我有一个概念问题,我有几个包,每个包里面都包含许多元素。元素是 typeA或 type B。我想以这样一种方式将包分配在有限数量的箱中,以便箱之间的分布A和B箱之间的分布差异不大。
这个问题非常复杂,因此我将尝试用硬约束和概念示例来解释它。
约束
A package can only be used once
A package must be used entirely
The bins should have relatively equal distributions between `A` and `B` (max 5% deviation from the original ratio)

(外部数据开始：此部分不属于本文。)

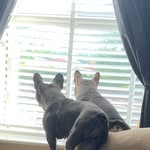 Jacqueline Woolley - @jaco1309 - Instagram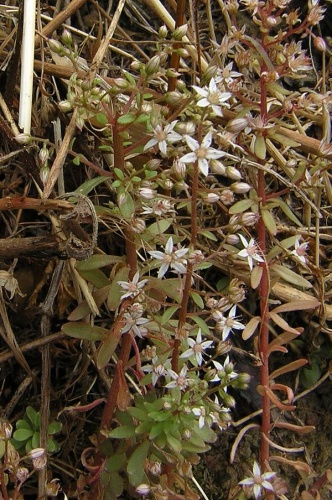 Sedum cepaea &copy; No machine-readable author provided. <a href="//commons.wikimedia.org/wiki/User:Aroche" title="User:Aroche">Aroche</a> assumed (based on copyright claims).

A package can be spread across all the bins in the given batch
I want to end up with as little as batches (size <= 3 bins) as possible
示例(概念)
Plate 1: 92 * `A`
Plate 2: 92 * `A`
Plate 3: 64 * `A`
Plate 4: 42 * `A`, 50 * `B`
Plate 5: 12 * `A`, 49 * `B`
Plate 6: 92 * `B`
这样的总分布是 302 *A和 191 *B总共产生 493 个样本,得到的比率是 61.25%A和 38.75%B
期望的结果:
一组最小化的批次,其中每个批次最多包含 3 个箱(长度 <= 92),假设每个箱的类型在 52 到 60 之间,类型A在 32 到 40 之间B(总和不超过 92)。
问题
建议使用什么算法或方法来解决这个问题,一个简单的建议方案就可以了(考虑到我到目前为止一直在尝试的东西(见下文)并没有走得太远)
迄今为止我的尝试背后的想法
data = ... # This is a list containg all values in a tuple format of `(unit, [(type, location)])` format
while len(data) > 0:
batch = []
counter1 = 0
counter2 = 0
for i in data:
for j in i[1]:
if j[0] == 'A':
counter1 += 1
else:
counter2 += 1
ratio1 = counter1/(counter1+counter2)
ratio2 = counter2/(counter1+counter2)
# Now we know the maximum number of A and B per batch
counter3 = 0 # This keeps track of howmany type `A` we have in current batch
counter4 = 0 # This keeps track of howmany type `B` we have in current batch
while counter3 < ratio1:
for i in data:
for j in i[1]:
if Counter(elem[0] for elem in j)['A'] < (ratio1 - counter3) and Counter(elem[0] for elem in j)['B'] < (ratio2 - counter4):
# Add this unit (from data) to the batch
batch.append(i)
counter3 += Counter(elem[0] for elem in j)['A']
counter4 += Counter(elem[0] for elem in j)['B']
# Remove the used unit from data
这也是我被卡住的地方,目前这并没有尝试最小化垃圾箱的数量,也没有检查比率。此外,我有一个挥之不去的想法,即我尝试这样做的方式与解决此类问题的智能方式相去甚远。